I can quite understand that many people may have been put off poetry by learning it by heart in school, but equally I suspect lots will have carried at least a few poems around with them for the rest of their lives as a result of this sort of thing (my mum, for example). I'm not entirely clear whether or not taking part will be voluntary, so I do have reservations on that count.
What does seem a bit disappointing is the fact that those taking part will have to choose poems from an approved list. I've got no problem with putting the poems mentioned in that article in front of the teenagers, as suggestions, but surely you'd go much further towards encouraging a love of poetry by letting them pick poems themselves?
3 comments:
I love being able to recite poems to myself (or at least the snatches of them that I recall). I wish I had learned more by heart when I was younger. Of course we don't want force feeding ... but I agree that it could be a positive thing for children to choose to learn poems that particularly appeal. I learned bits of 'The Lady of Shalott' long before I 'understood' the significance of the weaving and the curse etc. It is still among my favourite poems.

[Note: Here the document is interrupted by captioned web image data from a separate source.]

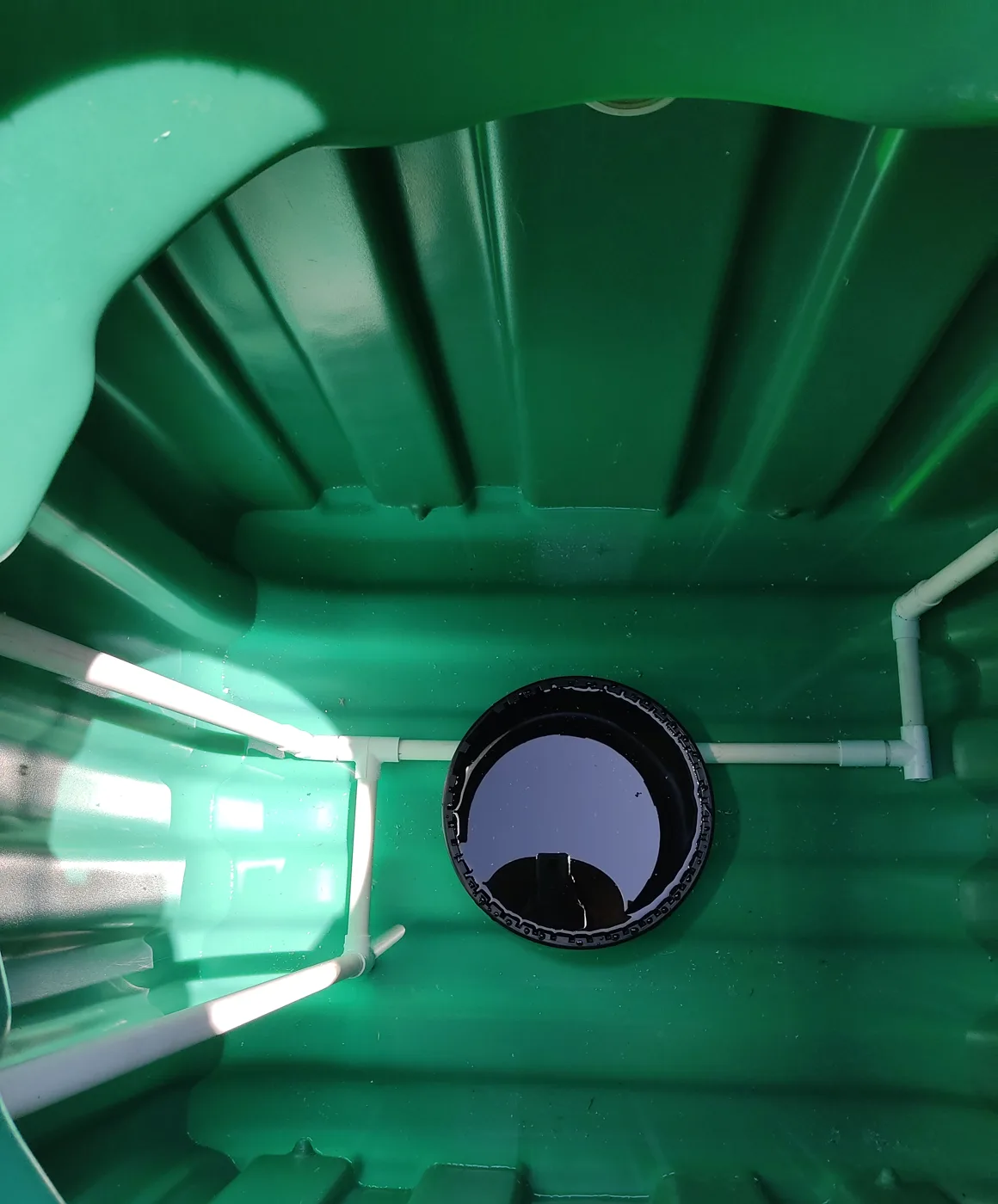 Interior del tanque con tubería de aireación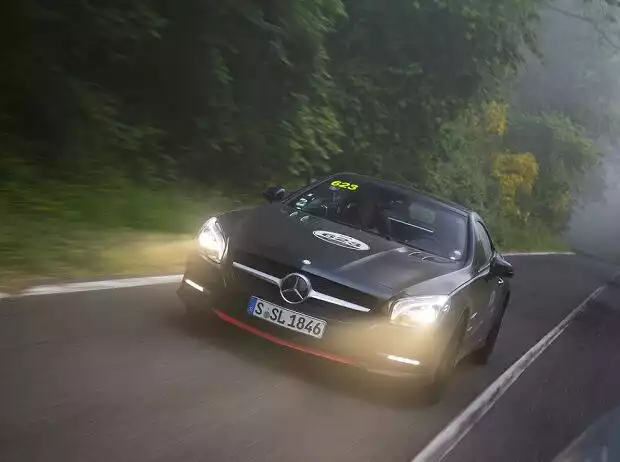 Mercedes-Benz SL 500 Mille Miglia 417 Titel-Bild zur News: Mercedes-Benz SL 500 Mille Miglia 417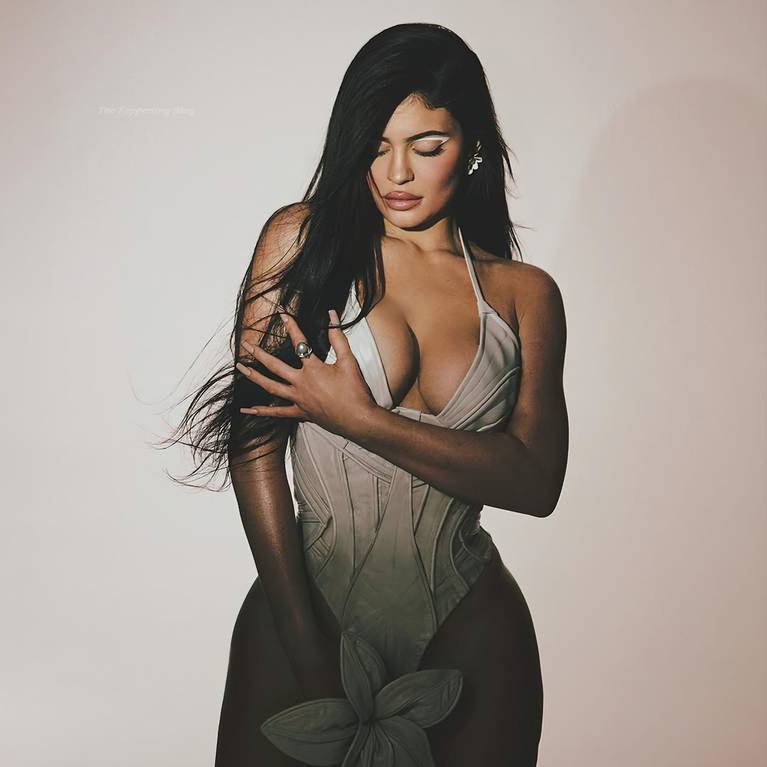 Kylie Jenner Sexy 21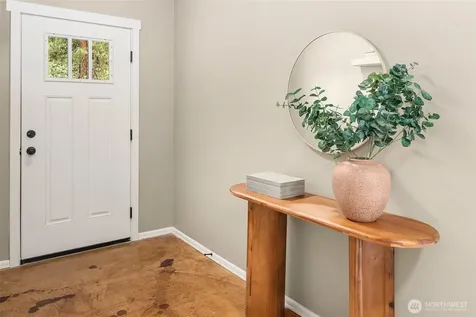24 Mackenzie Way Chelan WA 98816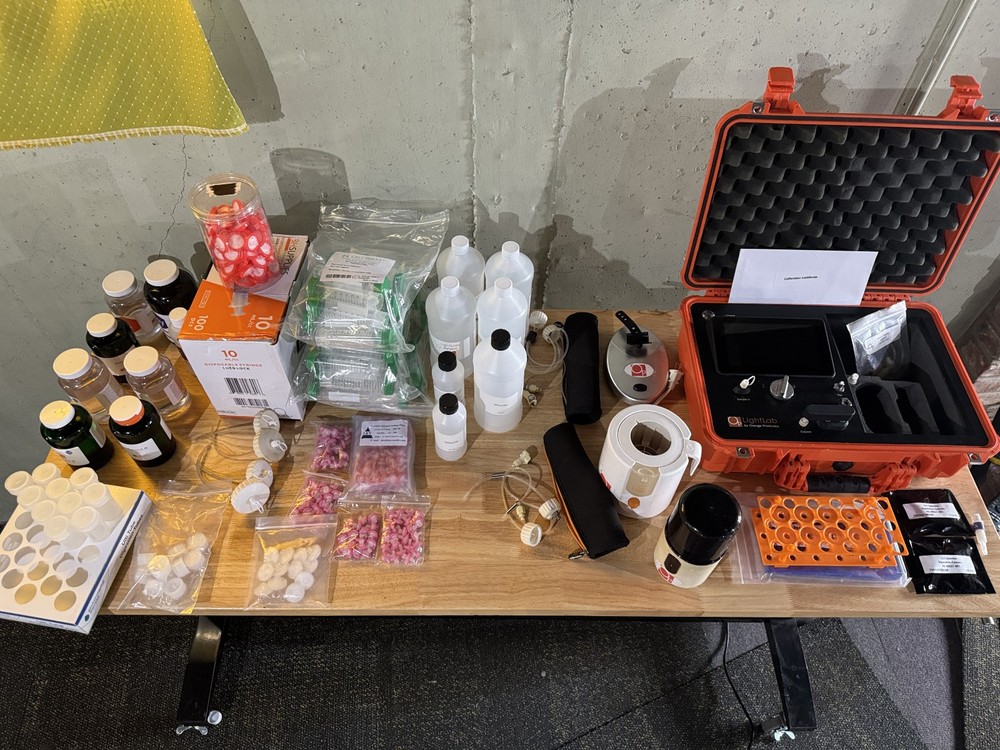 Orange Photonics LightLab 3 PsyCanna Portable HPLC Analyzer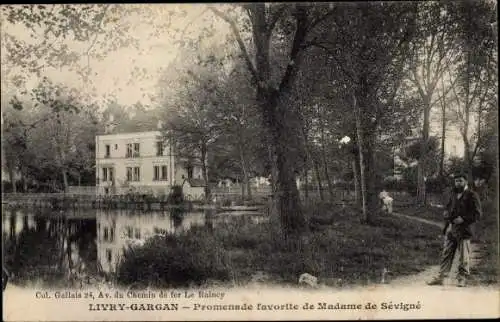 Ak Livry Gargan Seine Saint Denis, Promenade favorite de Madame de Sévigné, maison, Lac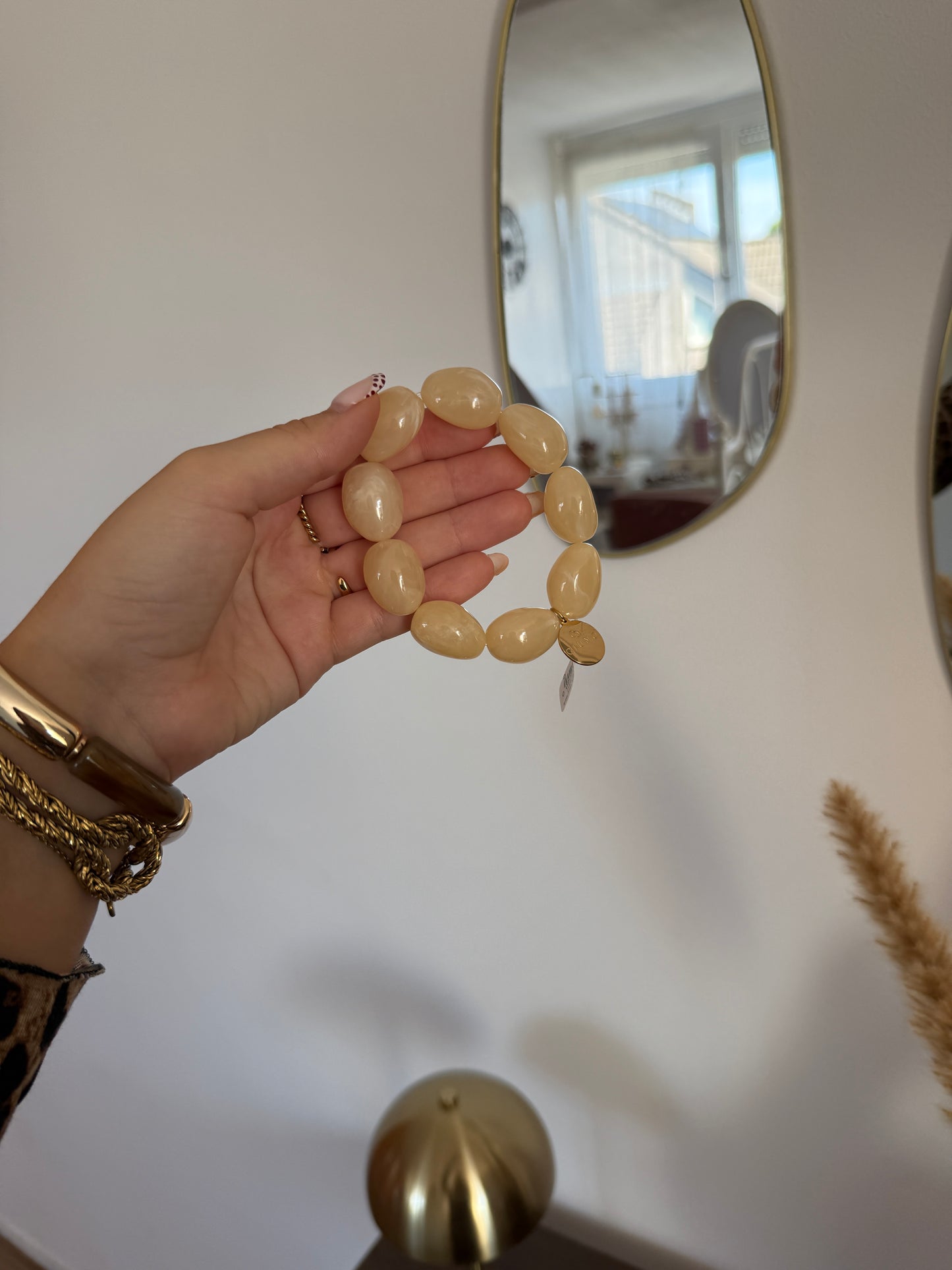 Armband met steen - Beige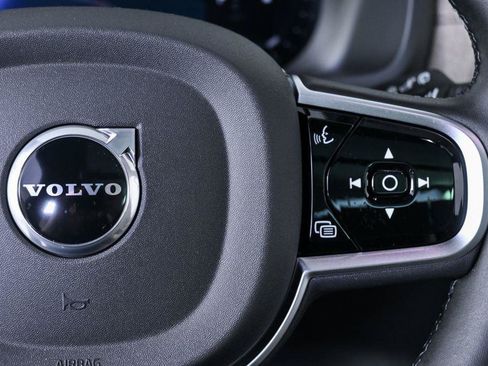 Used 2026 Volvo XC90 B6 Plus w/ Protection Package Premier AWD/4WD image 11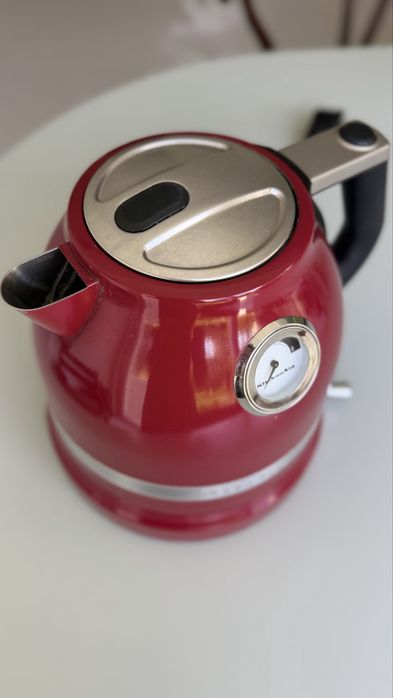 Czajnik elektryczny KitchenAid Artisan 1,5 l, czerwony (Empire Red)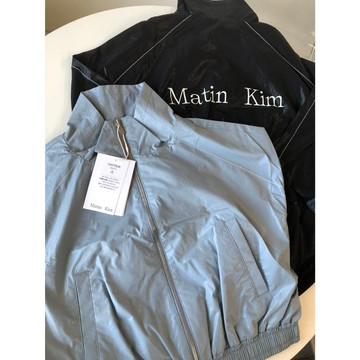 SUL 韓國代購🇰🇷預購/現貨 MATIN KIM 防風外套 外套 風衣外套 LOGO COATING JUMPER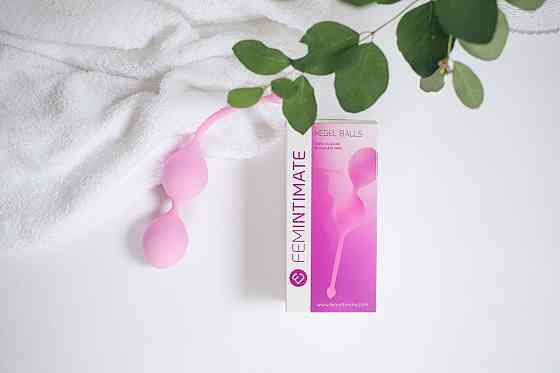 Вагинальные шарики Кегеля FEMINTIMATE розовые Sex Aura Киев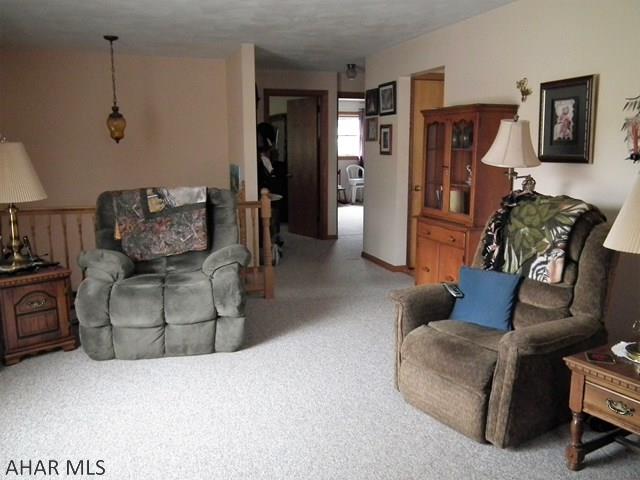 406 Nakis Drive, Duncansville, PA 16635
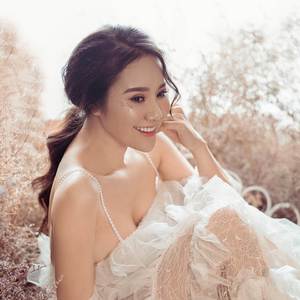 Chỉ Muốn Bên Anh Lúc Này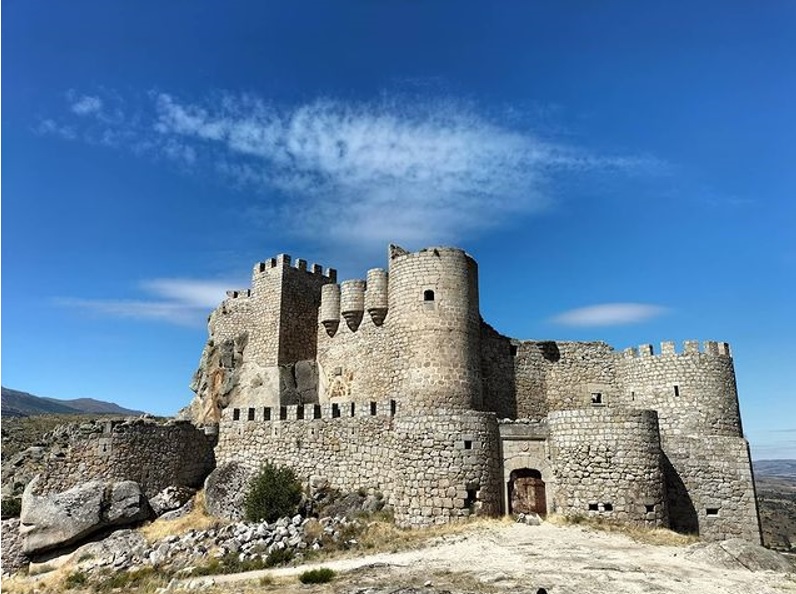 Castillo de Aunqueospese avila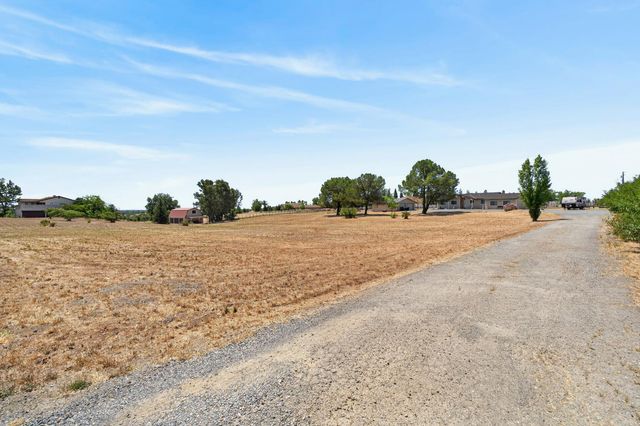 11890 Cresthill Dr, Elk Grove, CA 95624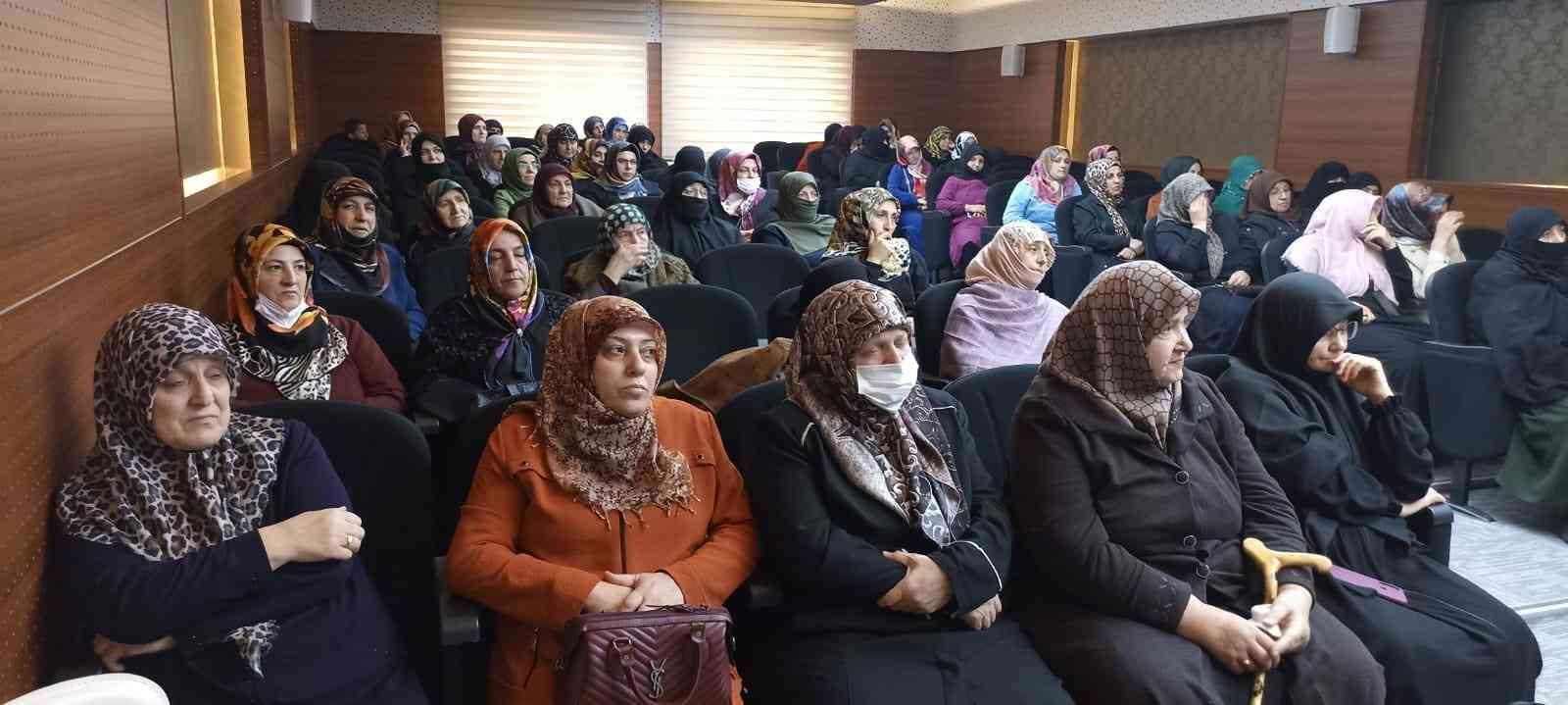 Aile Yaşam Merkezi’nde Mevlid Kandili programı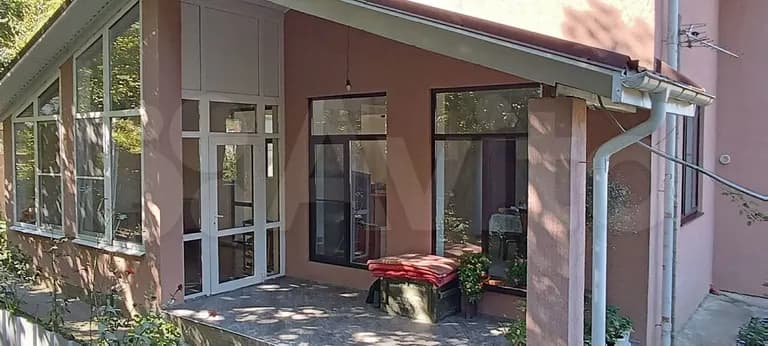 Продается 4-комн. квартира, 156 м²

In the current "Times Higher Education" there's a review of Catherine Robson's "Heartbeats: Everyday Life and the Memorized Poem" (Princeton UP, 2012) where it says that the book "considers the practices of memorisation and recitation of poetry in schools in the UK and the US over the course of the 19th and 20th centuries, and the effects these practices had on the lives of those who committed poems to memory as a result"
If it's "by heart" - great! If it's just by brain - not much point.